Don’t Rush to Short Saudi Riyal Despite Oil Shock

  • Saudi government’s ample FX reserves/net foreign assets (NFA) has so far provided critical support to Saudi riyal-USD peg. Oil price shock is a double whammy on Saudi NFA. With hard dollar peg in place, lower oil price means lower oil revenue – which leads to slower reserves buildup – and more fiscal spending to offset the economic downturn – which leads to drawdown in FX reserves/foreign assets. The period between 2015 and 2016 represents a perfect example where we saw a sharp increase in fiscal deficit and sharp decline in Saudi NFA.
  • According to IMF Article IV October 2017, the base scenario for the next five years is oil price around $50, which leads to small Saudi current account balance (<2% GDP) and small fiscal deficit (2% GDP) and only gradual drawdown in Saudi NFA. By the end of the 5-year forecast horizon, Saudi NFA should stay comfortably above 20 months worth of import.
  • The downside scenario is where the oil price would stay between $30-$40 over the next five years, which means the economic hardship, large fiscal deficit and drawdown of NFA that were experienced in 2015-2016 would continue over the next five years.
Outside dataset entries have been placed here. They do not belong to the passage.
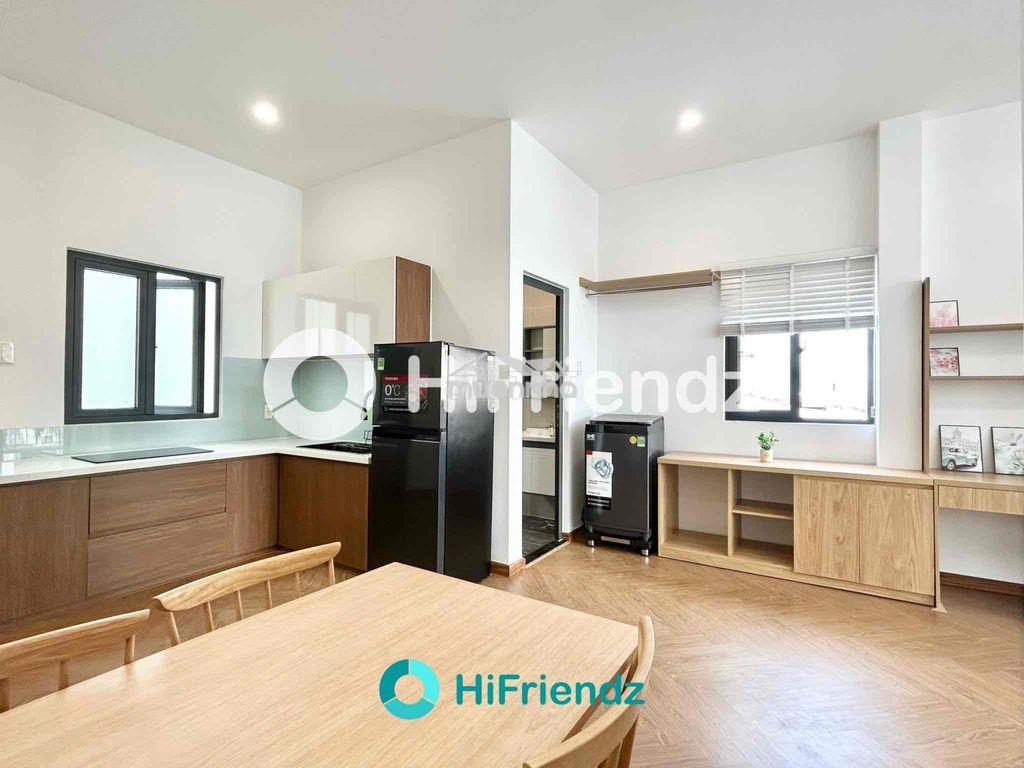 Căn hộ cao câp full nội thất tân hoà đông, trương phước phan, tên lửa - 2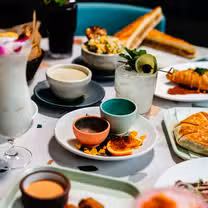 Una foto del restaurante La Semilla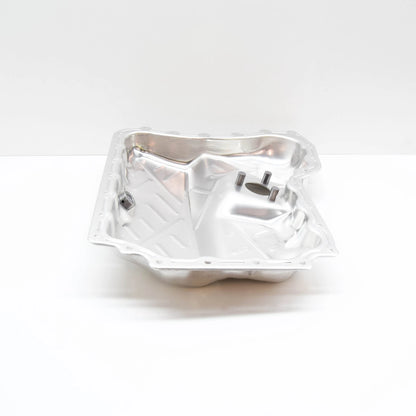 NEW AUDI RS3 SPORTBACK 8V LOWER ENGINE OIL PAN 07K103602F ORIGINAL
Saudi NFA would probably come down to a very low level (5 months of import) around the year of 2022, threatening the sustainability of the dollar peg as well as the Saudi oil-dependent economic model.
  • Therefore, simply extrapolating the 2015-2016 situation to the future is too dire an assumption. That said, only a couple years are left for Saudi to reform its economic model if oil prices stay for a long time between $30-$40.
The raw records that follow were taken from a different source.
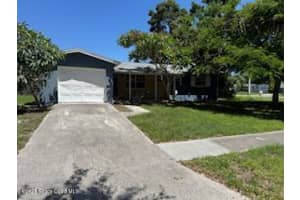 360 Mirandy Avenue, Merritt Island, FL 32952 Sold 10/09/25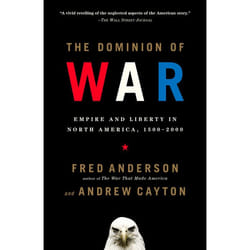 ISBN The Dominion of War livre biographie Anglais Livre broché 544 pages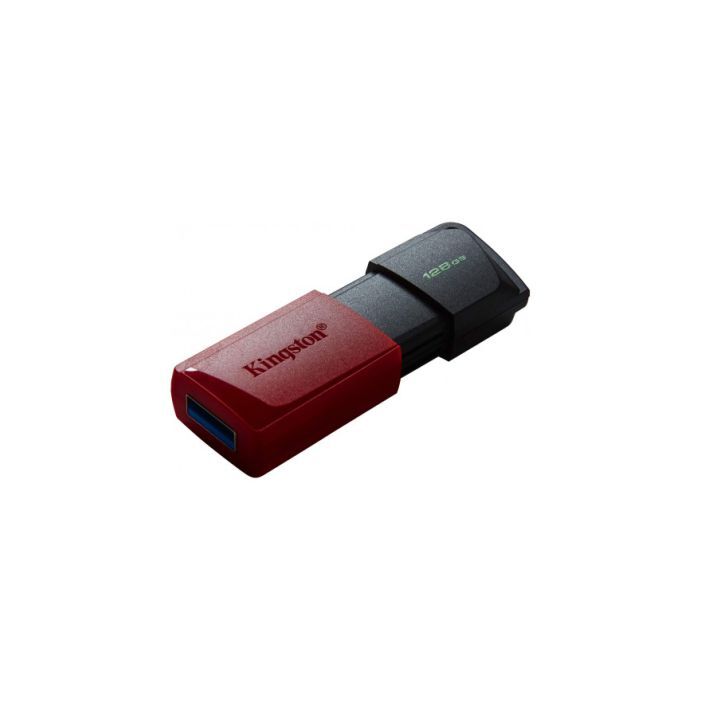 Kingston 128GB USB3.2 DataTraveler Exodia Bellek - 2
  • There may be an important twist, however. What if the Saudi monetary authority  SAMA tries all its best to avoid breaking the riyal-dollar peg and – alongside some piecemeal reform – asks for assistance from the Fed and PBoC? More specifically, what if SAMA sets up some kind of bilateral agreement with the Fed (or PBoC) on USD swap (or CNY swap) program? Such scenario is not unlikely given Saudi Arabia’s geopolitical importance in Middle East and the world’s dependence on Saudi oil supply.
  • In other word, even if the downside scenario happens, one needs to think twice if he wants to short the riyal and expects a devaluation of riyal.